Beatles photos shot by Paul McCartney unveiled ahead of exhibition
LONDON: An art gallery in the United Kingdom (UK) on Thursday released a handful of previously unseen photographs taken by Paul McCartney, a bassist of the Beatles, ahead of a major display later this year showcasing how he captured Beatlemania through his own lens.
The National Portrait Gallery unveiled the five photos from an archive of more than 250 images shot by McCartney between November 1963 and February 1964 which will feature in its exhibition opening in late June.
They include black-and-white self-portraits shot in a mirror in Paris, John Lennon also in the French capital, George Harrison wearing sunglasses in Miami Beach, and Ringo Starr in London.
The exhibition, "Paul McCartney Photographs 1963-64: Eyes of the Storm", will run for three months from June 28 to mark the famous London gallery's reopening after three years of refurbishments.
Curators have drawn from more than 250 photographs in McCartney's personal archive, taken on his Pentax camera, as the so-called Fab Four were being propelled to global stardom.
McCartney called their exhibition at the country's foremost portrait space "humbling yet also astonishing".
"Looking at these photos now, decades after they were taken, I find there's a sort of innocence about them," he said in a statement released by the gallery.
"Everything was new to us at this point.

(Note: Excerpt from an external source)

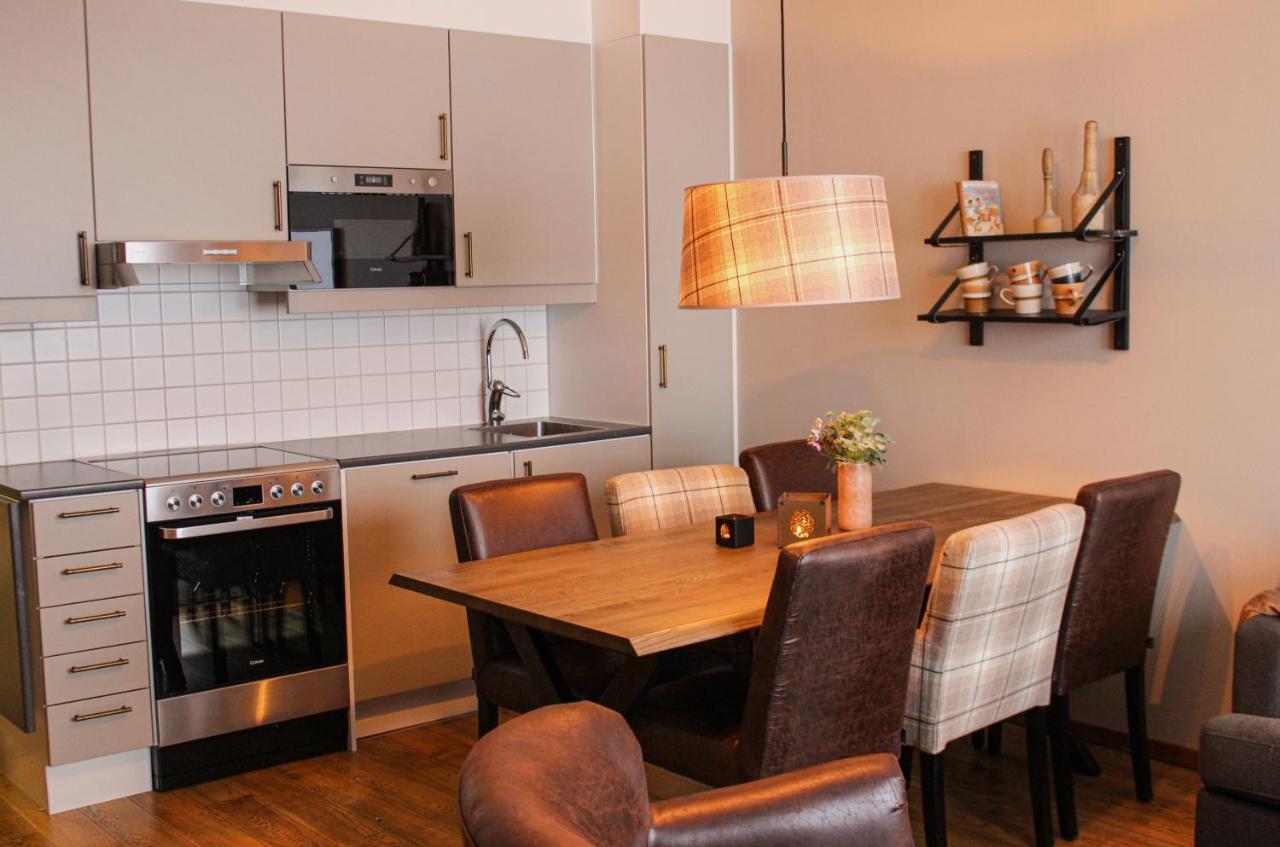 Ski Lodge Taenndalen Εξωτερικό φωτογραφία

But I like to think I wouldn't take them any differently today.
"They now bring back so many stories, a flood of special memories, which is one of the many reasons I love them all, and know that they will always fire my imagination."
McCartney approached the gallery in 2020 about staging a display after stumbling across the images, which he thought were lost.
They chronicle a critical period in the evolution of the band, beginning with portraits taken backstage in Liverpool and culminating with their performance on The Ed Sullivan Show in New York for an audience of millions.
National Portrait Gallery director Nicholas Cullinan said the exhibition will give people a sense of what Beatlemania looked and felt like "for the four pairs of eyes that lived and witnessed it first-hand".
"McCartney's intimate photographs have more in common with a family album, capturing people caught in off-guard moments of relaxation and laughter," he added.
An accompanying book of photographs and reflections will be published on June 13.